All calculations were performed within the projector-augmented wave formalism73, using the Vienna ab-initio simulation package (VASP version 5.4.4)74. We use the set of pseudo-potentials recommended by the Materials Project database49. In the present work we opted not to include Hubbard corrections, as general purpose values of U might not transfer into quality improvements in the band structure and we are not in the capacity to extensively benchmark these parameters. The effect of this choice is also minimized thanks to the removal of compounds containing magnetic elements (see below). The band gaps were calculated as the difference of the Kohn-Sham eigenvalues from self-consistent calculations. Our energy cut-off was set to 520 eV and we used a Γ centered k-point grids with 8000 k-points per reciprocal atom.
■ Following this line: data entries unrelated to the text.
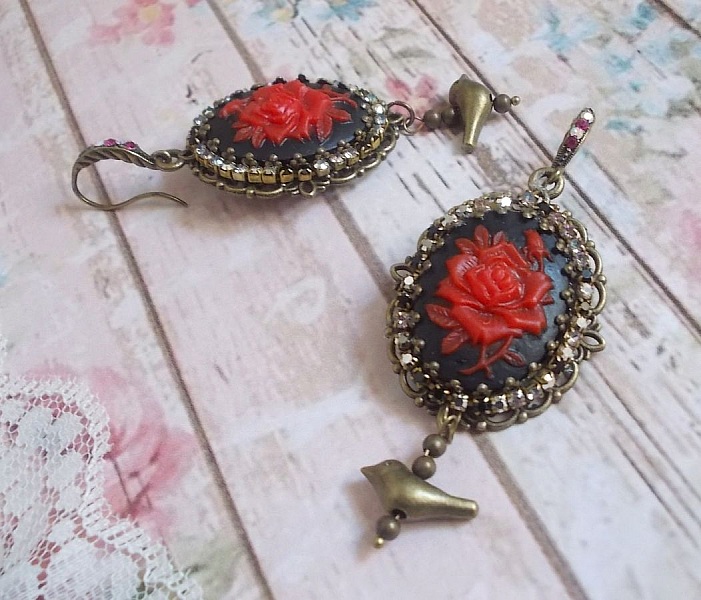 BO Loly Roses skapad med harts cabochons, kristall strass kedja med brons tillbeh&ouml;r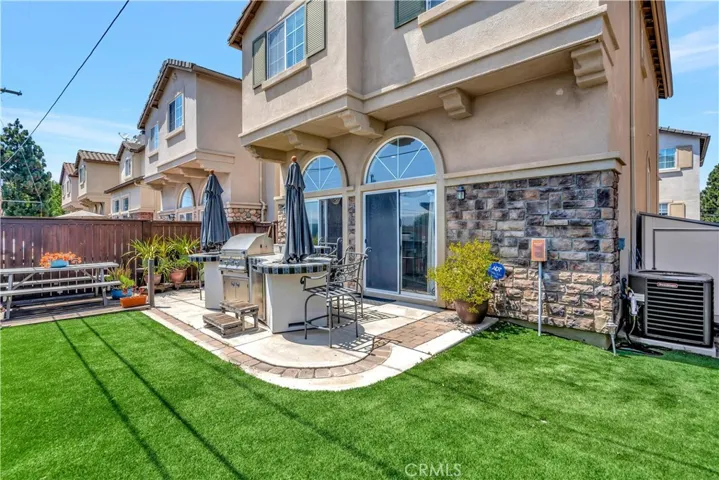 2792 Border Avenue, Torrance, California 90501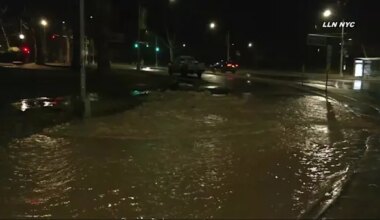 News 12 | Brooklyn | Water main break floods streets of Prospect Heights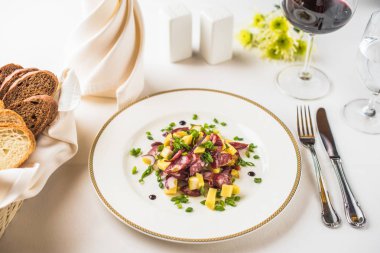 Taze salata ile et plaka restoran beyaz tablo üzerinde devam eder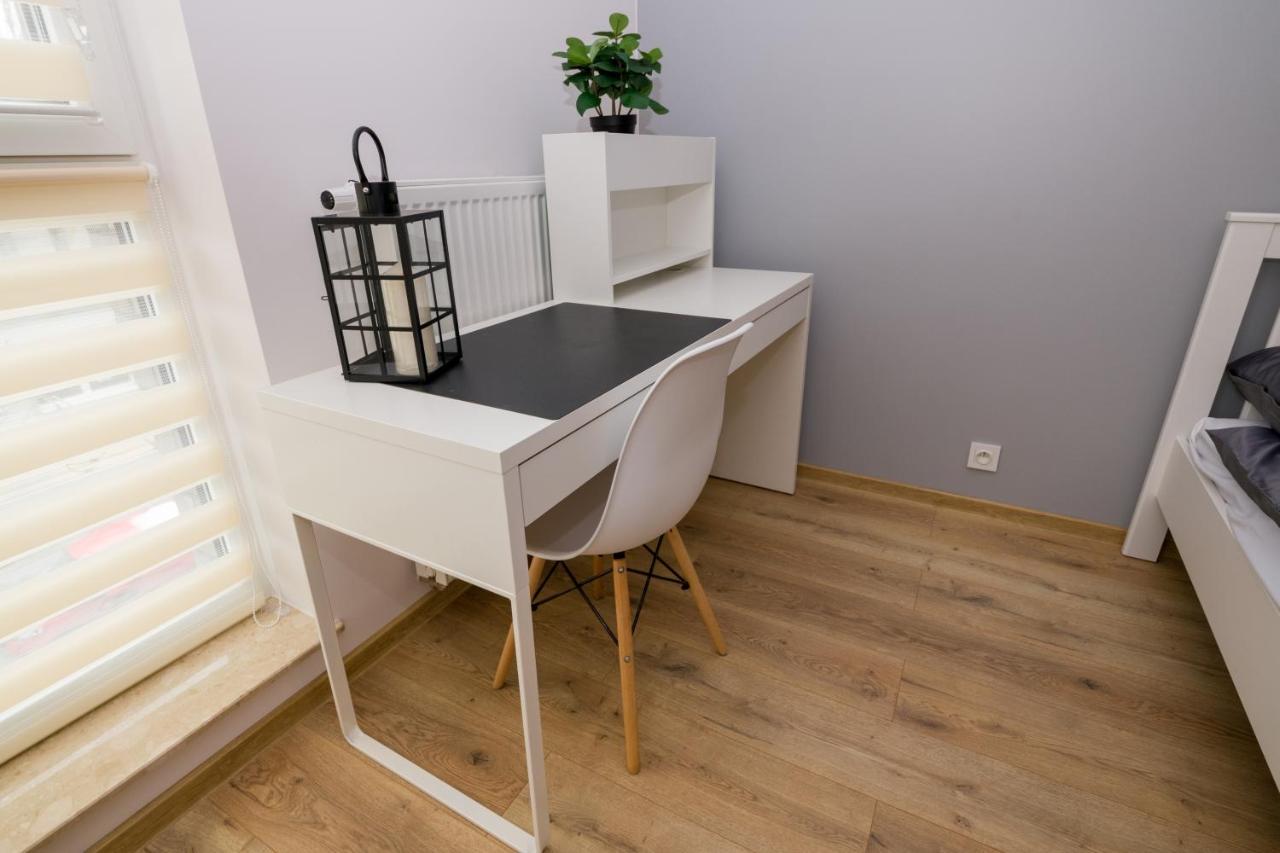 Apartament Przy Fabrycznym Лодзь Экстерьер фото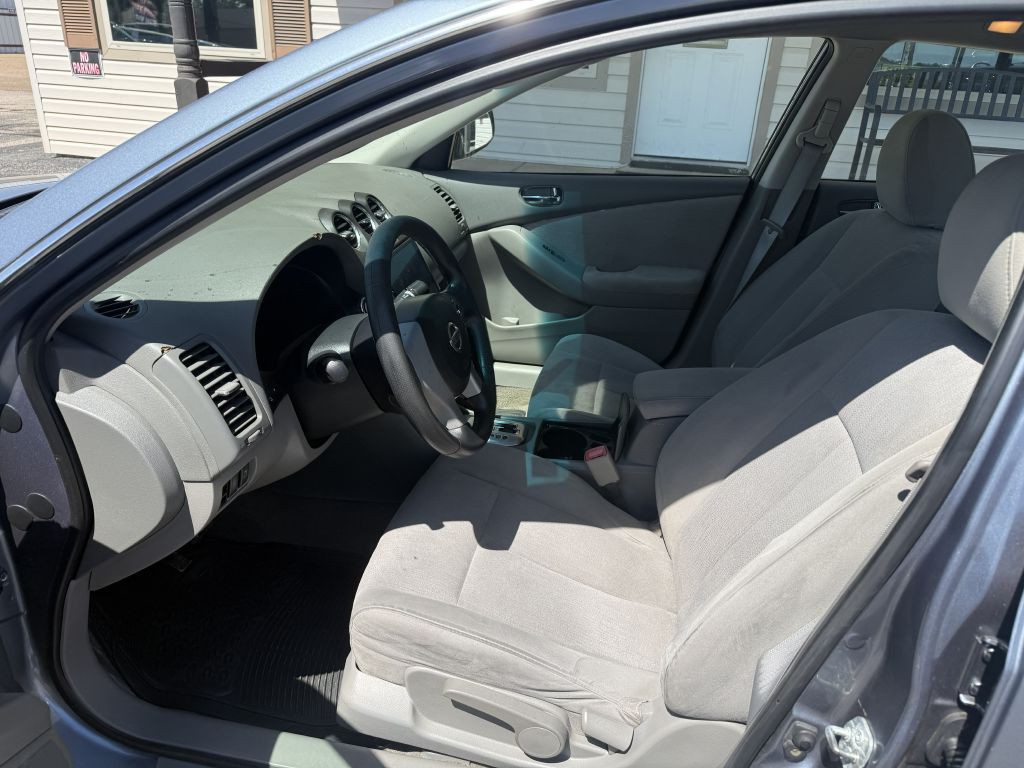 2011 Nissan Altima Image 4
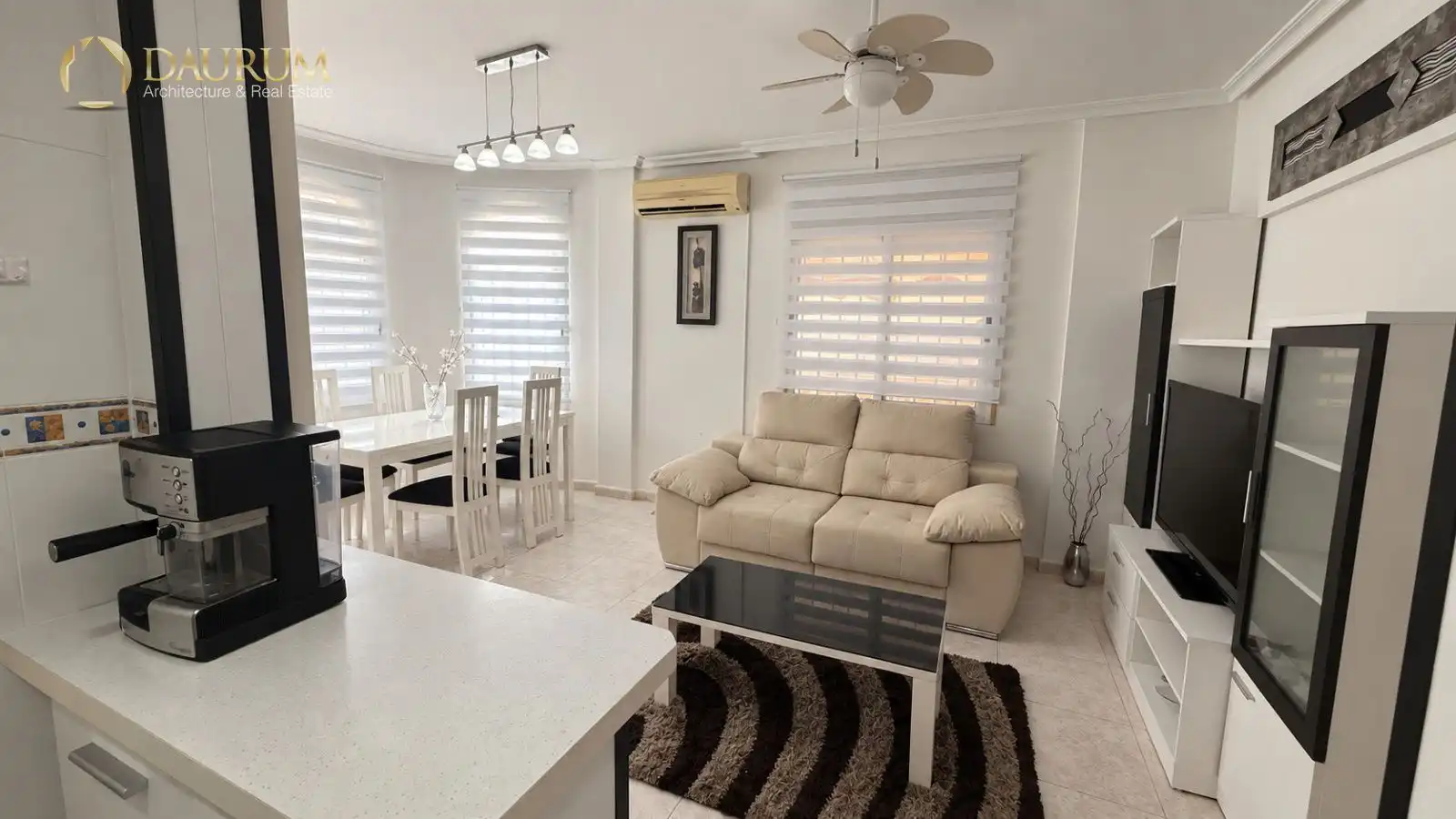 Casa bifamiliare con piscina in vendita a CALLE MARIA SAN GIL NOAIN, imagen 3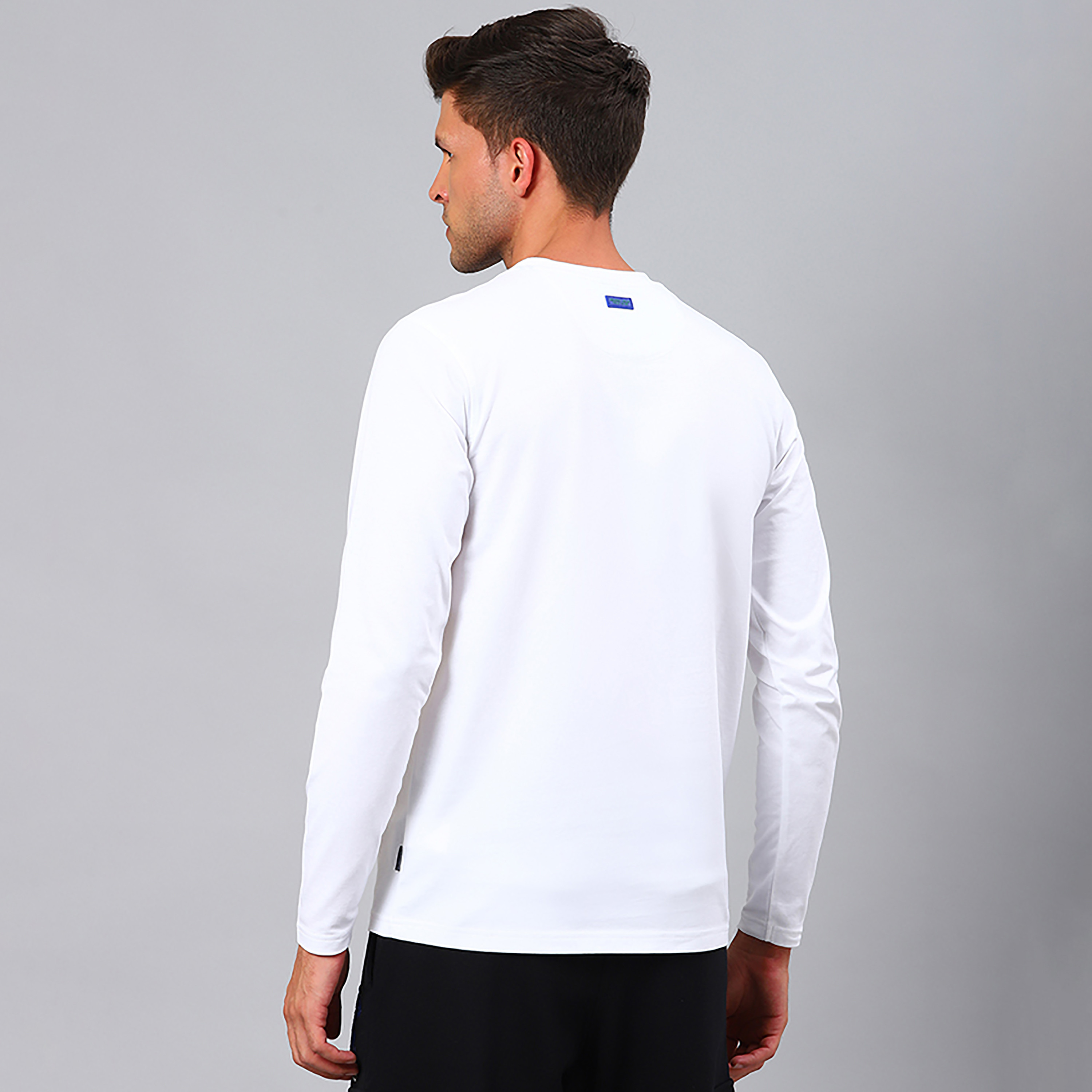 بيفرلي هيلز بولو كلوب-  تي شيرت رجالي بأكمام طويلة ورقبة دائرية وشعار-men-clothing-tshirtsandpolos-tshirts-image-8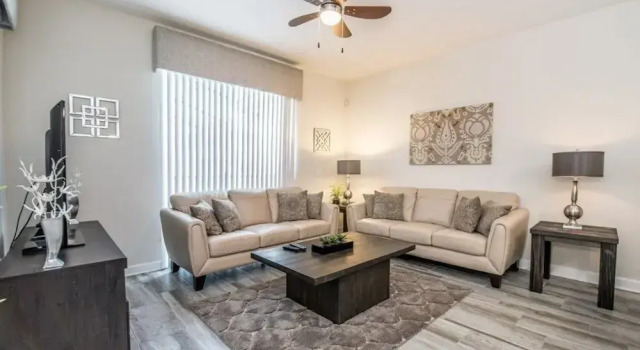 Amazing 4 Bedroom Storey Lake Townhouse by Redawning, Varaa Hotelli Orlando Kissimmee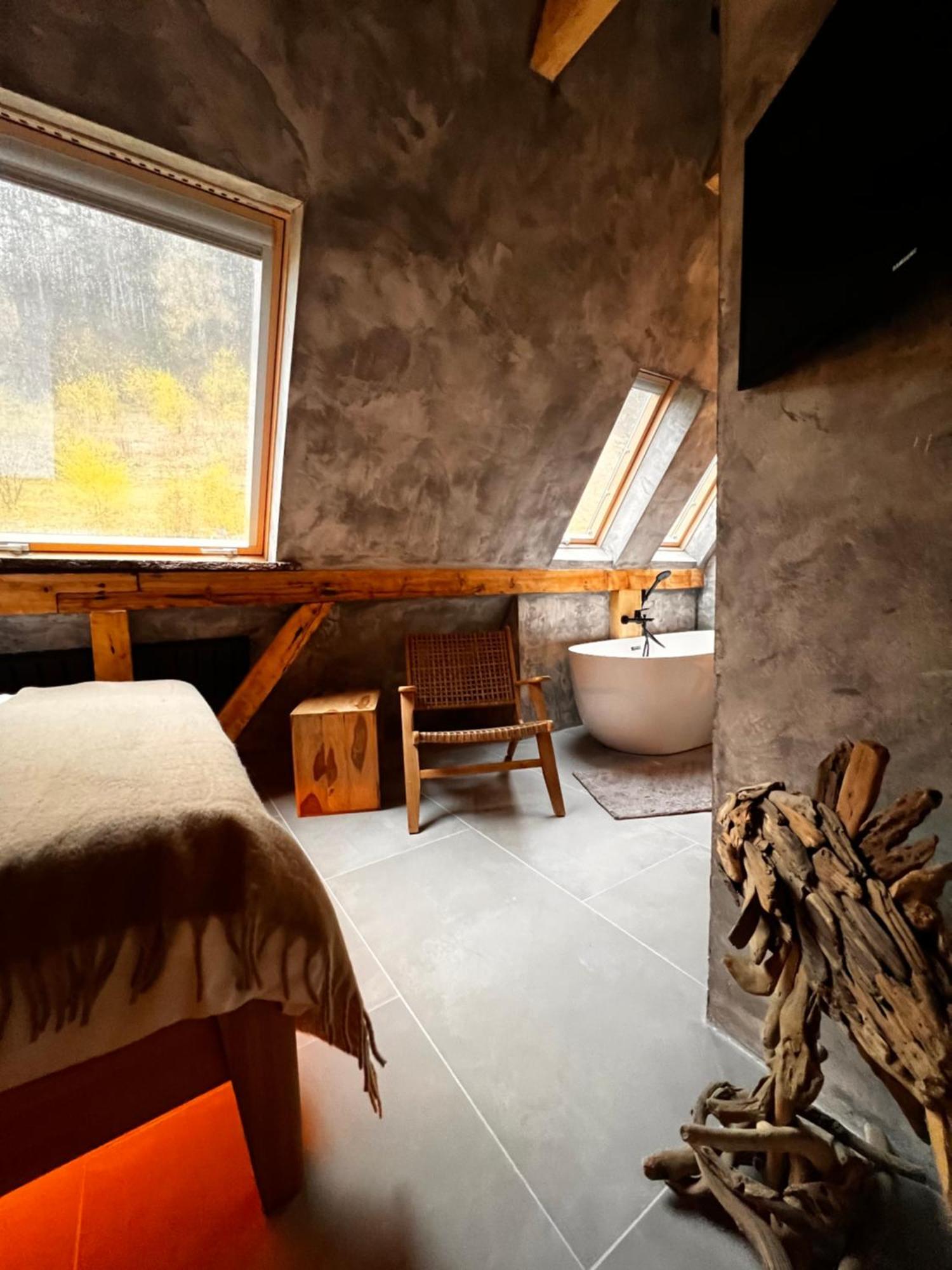 Shard Boutique Hotel-Adult Only Brasov Exterior photo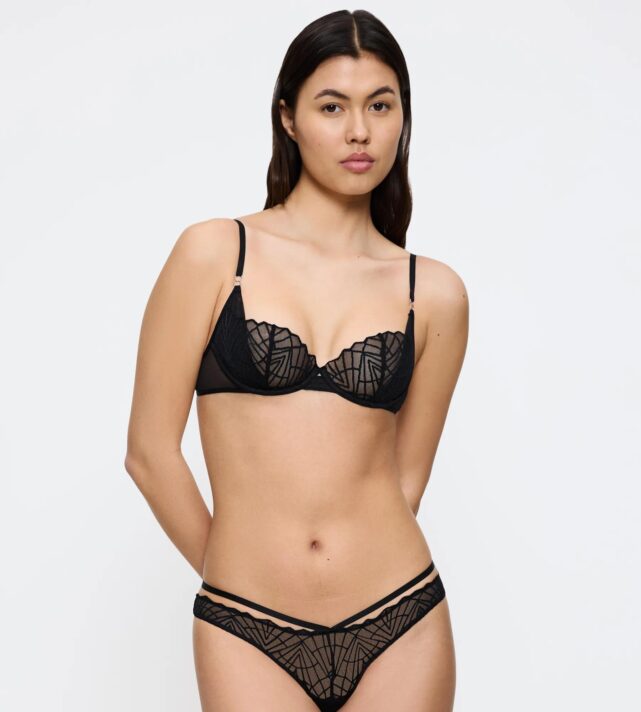 Бюстгальтер с косточками с мягкими чашками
Inclusion of spin–orbit coupling leads to an average reduction of the bandgap of 0.1 eV71. Since this value is much smaller than the typical error coming from the choice of exchange-correlation functional, we opt to neglect this effect in our calculations. Moreover, as we consider differences of band gaps at different strains, we expect the error due to the neglect of spin–orbit coupling to cancel to a large extent.

Dataset preparation

To build our dataset, we selected semiconductors from the Materials Project49 containing less than 13 atoms in the unit cell. Using these criteria we could gather 6552 systems. We then removed all systems containing magnetic elements (Fe, Ni, Cr, Mn, and lanthanides except La) and electronic band gap smaller than 0.01 eV, obtaining a dataset including 5338 systems. All ground-state geometries were taken directly from the Materials Project database49 and were not further optimized. A table containing the Materials Project ID, together with our calculated gaps and deformation potentials can be found as Supplementary Information. The dataset presents a good sampling of the periodic table although the frequency of each chemical element is not homogeneous (see Supplementary Information). The chalcogens (particularly oxygen) are the most represented group, followed by the halogens, pnictogens, and alkali metals. Overall, this distribution is representative of the distribution of stable semiconductors present in the Materials Project49.